Un bel hommage à la grand-mère de Sophie Zénon.
« L’humus, cette couche de terre supérieure, est signe de décomposition mais aussi de ferment vital, a expliqué l’artiste lors de la présentation de son exposition. L’humus illustre aussi le passage du temps, le cycle de la vie et de la mort ; la perte, l’absence. » Outre ses œuvres « dures ou plus légères », Sophie Zénon a choisi des tableaux italiens et flamands, des sculptures, des pots de plantes médicinales, des vidéos, etc. dans les collections de plusieurs musées toulousains ; œuvres diverses répondant à sa propre obsession « pour le comportement face à la mort », qu’elle a étudiée comme ethnologue « auprès de chamanes mongols et sibériens ».

Une photo? Si l’on veut car ce crâne en porcelaine a été réalisé avec Aurélie Lanoiselée à partir d’un IRM de Sophie Zénon. Un peu tiré par les cheveux, non?

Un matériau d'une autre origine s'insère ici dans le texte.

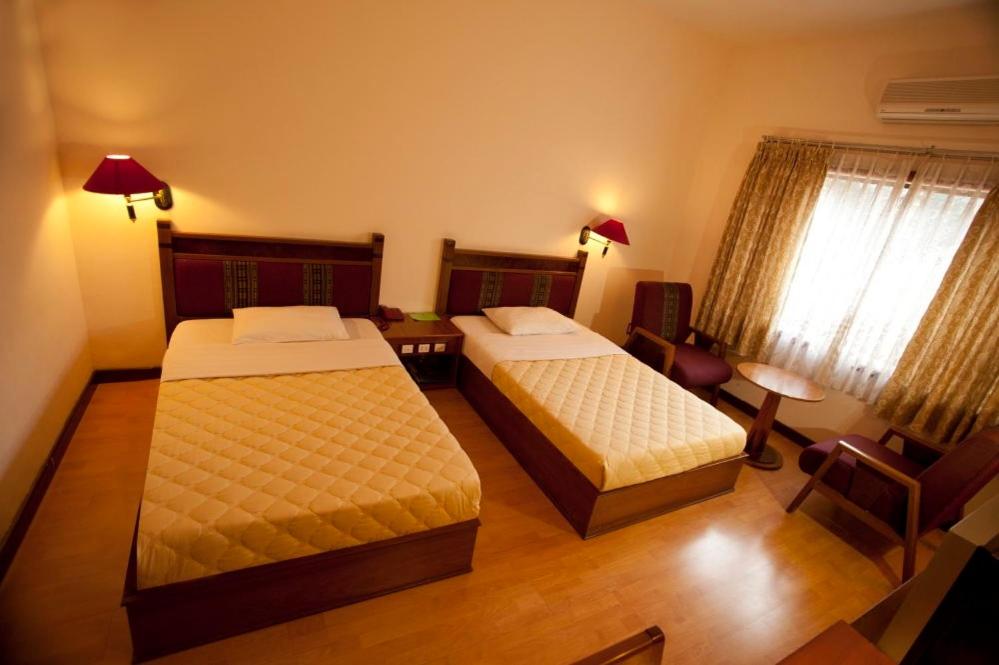 Двухместный (Улучшенный двухместный номер с 1 кроватью или 2 отдельными кроватями) отеля Dam San Hotel, Буонметхуот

Au fil de la visite, l’univers hétéroclite de Sophie Zénon pourra effectivement provoquer « la beauté et l’effroi » ou simplement donner l’impression d’un curieux bric-à-brac. Il devrait aussi agacer les amateurs de photographie qui ont connu tant d’émotions du Château d’Eau depuis 1974. Peu de lieux publics sont dédiés en France à cet art longtemps méprisé par les institutions et l’intelligentsia. Jean Dieuzaide avait dû se battre bec et ongles pour qu’enfin ses amis et confrères – de Willy Ronis à Jeanloup Sieff, de Sarah Moon à Mario Giacomelli – trouvent un lieu d’exposition digne de ce nom. Voir aujourd’hui le Château d’Eau phagocyté par un mélange des genres qui doit si peu à ce que son fondateur défendait corps et âmes a de quoi provoquer l’agacement. Une telle exposition, qui trouvera certainement de nombreux défenseurs, aurait parfaitement eu sa place au musée des Abattoirs ou dans des Augustins eux aussi fraîchement rénovés. Quand, pour créer l’événement, nous aurions préféré admirer quelque géant de la photographie, passé ou présent…

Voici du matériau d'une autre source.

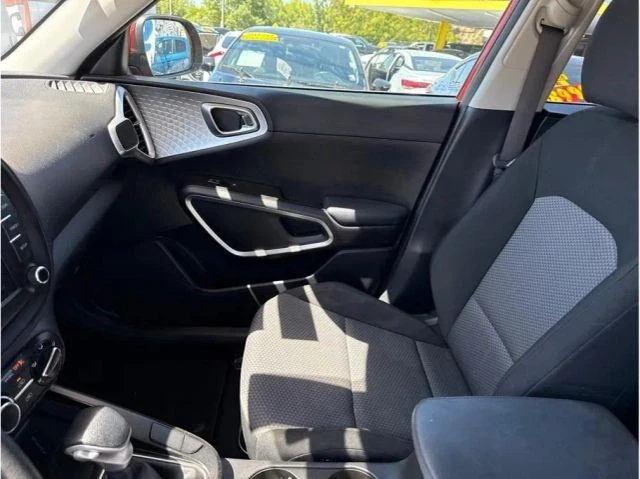 2023 Kia Soul - Image 8 of 11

Quelques jours après le Château d’Eau, le Pavillon Populaire, à Montpellier, renaissait à l’issue de 8 mois de travaux. En vedette : Raymond Depardon (1) pour une rétrospective faisant la part belle à la couleur. Un photographe, un vrai, à la fois exigeant et accessible. Pour un lieu rénové qui ne dévie pas de sa mission initiale, plus précieuse que jamais.
Exposition « L’humus du monde », de Sophie Zénon, jusqu’au 8 mars 2026 au Château d’Eau (1, place Laganne), Toulouse.
(1) Raymond Depardon a été exposé fin 2023 au Château d’Eau, en duo avec David Burnett, pour leurs reportages dans le Chili d’Allende et Pinochet. Il n’a bénéficié à ce jour d’aucune rétrospective à Toulouse.